🌬️ MINDFULNESS
“Mindfulness isn’t difficult, we just need to remember to do it.” – Sharon Salzberg
Mindfulness is the moment you remember you’re here—not in the past you’re replaying or the future you’re fearing, but this breath, this step, this now. For ADHDers, whose minds often leap, race, spiral, and scatter, mindfulness can feel like a miracle. Not because it fixes everything—but because it creates space.
In the ADHD terrain, being present is no small task. We get pulled by distractions, hijacked by emotions, or caught in the rapid-fire swirl of thoughts. But mindfulness isn’t about silencing the noise. It’s about noticing it—without judgment.
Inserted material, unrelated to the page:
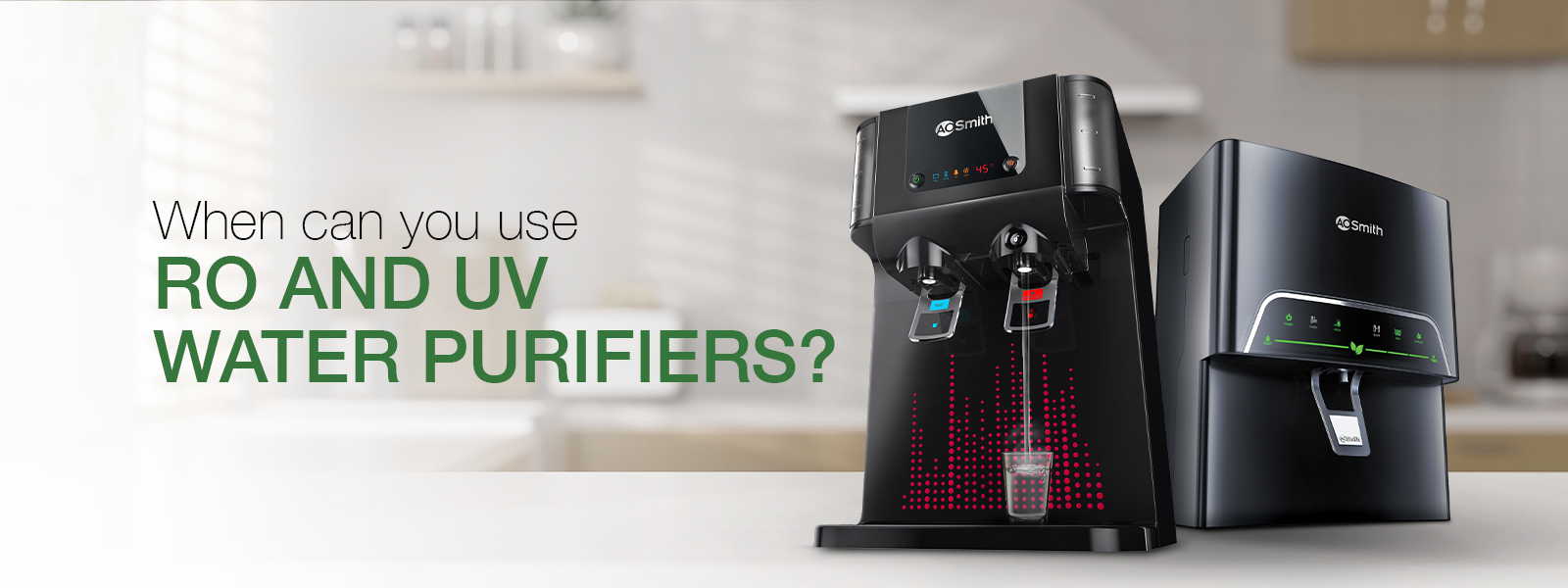 When Can You Use RO and UV Water Purifiers?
It’s choosing to witness your experience rather than get swallowed by it.
Living this value means making room for stillness in a world (and brain) that rarely stops. It’s finding small rituals of grounding—whether through breath, movement, nature, or sensory check-ins. It’s building awareness of what’s happening inside before reacting outside.
Mindfulness helps regulate emotion, strengthen attention, and soften shame. It gives ADHDers the pause between impulse and intention. And in that pause, we regain our power to choose what matters most.
🧭 The HOPE Trail Map
- Helps or Harms: Am I reacting automatically—or responding with awareness?
- Own My Values: I want to be someone who returns to the present, even if I’ve drifted a thousand times.
- People and Pursuits: Who helps me feel grounded? What activities or environments help me stay connected to the now?
- Enact and Evaluate: Today, I’ll take one mindful pause—a breath, a stretch, a moment to see rather than speed through.
⚠️ Trail Challenges
- ADHD brains crave stimulation and may resist stillness.
- Perfectionism can turn mindfulness into another task to “master.”
- Self-judgment may arise when the mind inevitably wanders.
🪧 Trail Markers: Small Steps Toward Mindfulness
- Do a 3-2-1 check-in: 3 things you see, 2 you hear, 1 you feel.
- Set a cue (e.g., red light, sip of tea) as a reminder to return to your breath.
- Repeat a grounding mantra: “This moment is enough.”
🔥 Campfire Questions for Reflection
- What does presence feel like in my body?
- How might a little more mindfulness shift how I relate to chaos or emotion?
- What’s one daily moment I could turn into a mindful ritual?
Mindfulness is not escaping the storm—it’s learning to stand in it with awareness, and maybe even wonder. For ADHDers, that awareness becomes the bridge back to choice.